State law (Minnesota Statutes: Comprehensive Plans; Local Governmental Units 2022) requires the Met Council to create regional plans and policies to guide growth and manage regional systems for transportation, aviation, water resources, and regional parks. The law also requires local governments to update their comprehensive plans.

Under the law, the Met Council reviews local comprehensive plans to ensure they are in accord with the overall framework provided by the regional plans. The review helps determine how a community’s planned actions relate to the interests of the whole region over the long term. It helps ensure that costly public infrastructure, like roads and sewers, are built in an economical and coordinated fashion, so that user fees and tax dollars are spent wisely.

Once the Met Council completes the review process for a comprehensive plan or amendment, the local government can implement it through zoning ordinances, capital budgets for public improvements, and other actions.

In April 2021, Met Council staff conducted an analysis of 66 completed comprehensive plans compiled the resulting transportation related policies, like those that include transit, bike, or pedestrian supportive policies or strategies.

Around half of regional comprehensive plans mention new or expanded roadways. Most communities included counts of Heavy Commercial Annual Average Daily Traffic (HCAADT).

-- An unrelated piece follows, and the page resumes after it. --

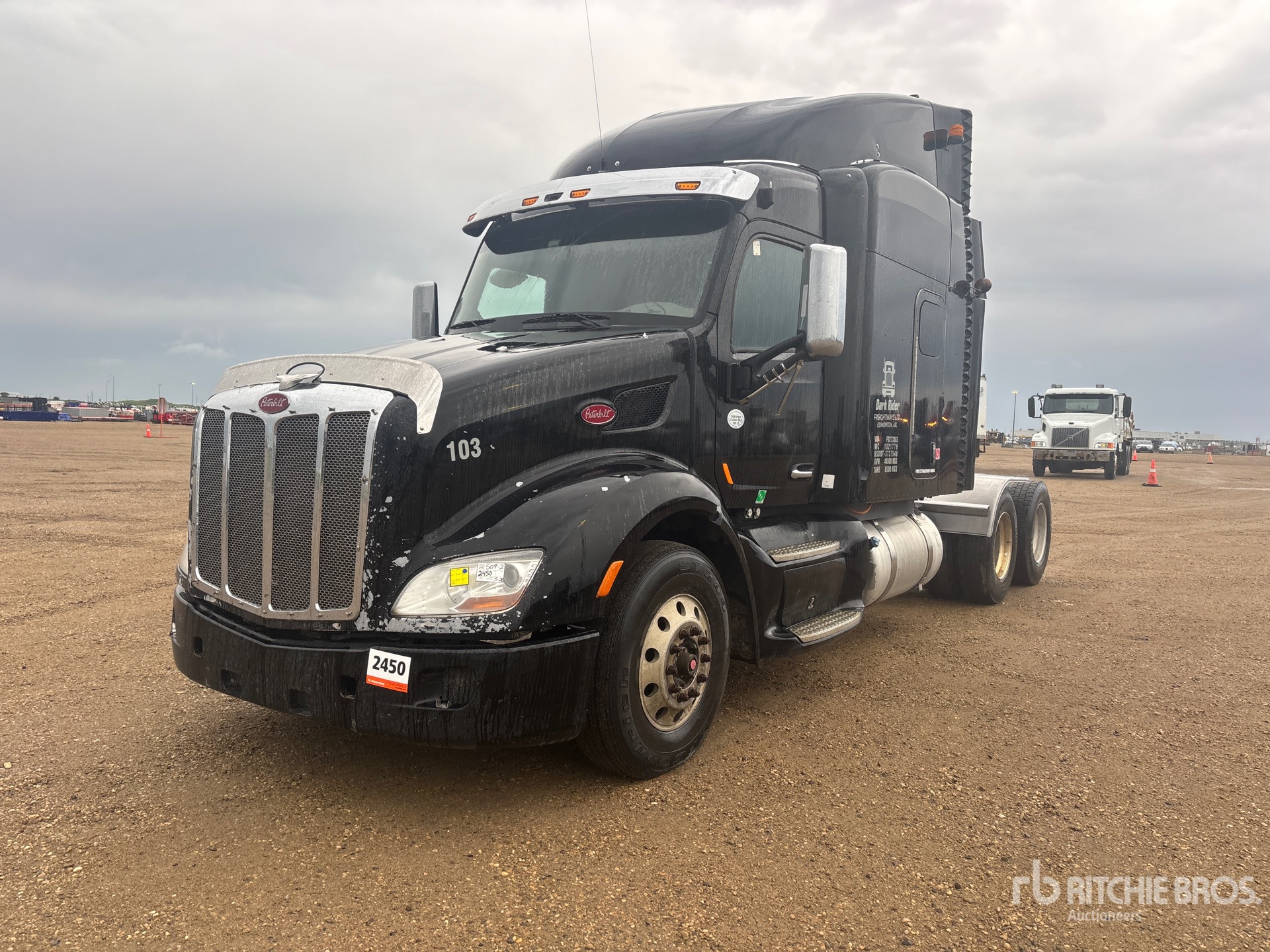 Photo of a 2015 Peterbilt 579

Figure 17.1: Percent of completed community comprehensive plans that include specific references to new or expanded roadways or heavy-commercial average annual daily traffic.

A majority of communities in the Twin Cities account for bicycle travel in one way or another in their comprehensive plans but there is little sense as to how residents are actually using bicycle facilities. Over half of plans have specific bicycle policies and an inventory of on-street bicycle facilities. Approximately one-third of communities have a separate bicycle plan. No communities’ comprehensive plan included a count of bicycle traffic.

Figure 17.2: Percent of completed community comprehensive plans that include specific bike policies, separate plans for biking or active transportation, on street bike facilities, or local bike counts.

A similar pattern is found with pedestrian planning found in the region’s comprehensive plans, with pedestrians being considered by over half of communities, but little knowledge of how residents are actually using pedestrian facilities. Over half of communities have specific pedestrian policies, slightly less than half include sidewalk and sidewalk gap mapping, very few have pedestrian planning zones, none have local pedestrian counts, and less than a quarter incorporate complete streets principles or address American Disability Act (ADA) compliance.

Figure 17.3: Percent of completed community comprehensive plans that include specific pedestrian policies, sidewalk and sidewalk gap mapping, pedestrian planning zones, local pedestrian counts, complete streets, or ADA compliance.

Planning for pedestrians typically occurs in a comprehensive plans’ transportation chapter, less than a quarter of communities plan for pedestrians in the context of their park plans.

Figure 17.4: Percent of completed community comprehensive plans that include pedestrian planning in specific sections, like transportation, parks, or downtown framework plans.

Communities vary in the degree to which they considered transit in their comprehensive plans. Slightly less than half of communities pursued opportunities beyond transitways and/or referenced transitways that were included in the increased revenue scenario.

Figure 17.5: Percent of completed community comprehensive plans that include unique transit strategies, opportunities beyond transitways or non-transitways, or increased revenue transitways.

Slightly less than half of communities discuss linkage between transit service and land use within their plans and/or discuss the potential impact of centers of growth on multi-modal transportation.

Figure 17.6: Percent of completed community comprehensive plans that link transit and land use or plan for centers of growth with potential to impact multimodal transportation.

Roughly half of completed comprehensive plans discuss transportation safety and/or crash data. Connected and autonomous vehicles are an emerging theme, appearing in about one third of comprehensive plans. Drones are considered in few plans.

Figure 17.7: Percent of completed community comprehensive plans that include references to transportation safety and crash data, drones, or connected and autonomous vehicles.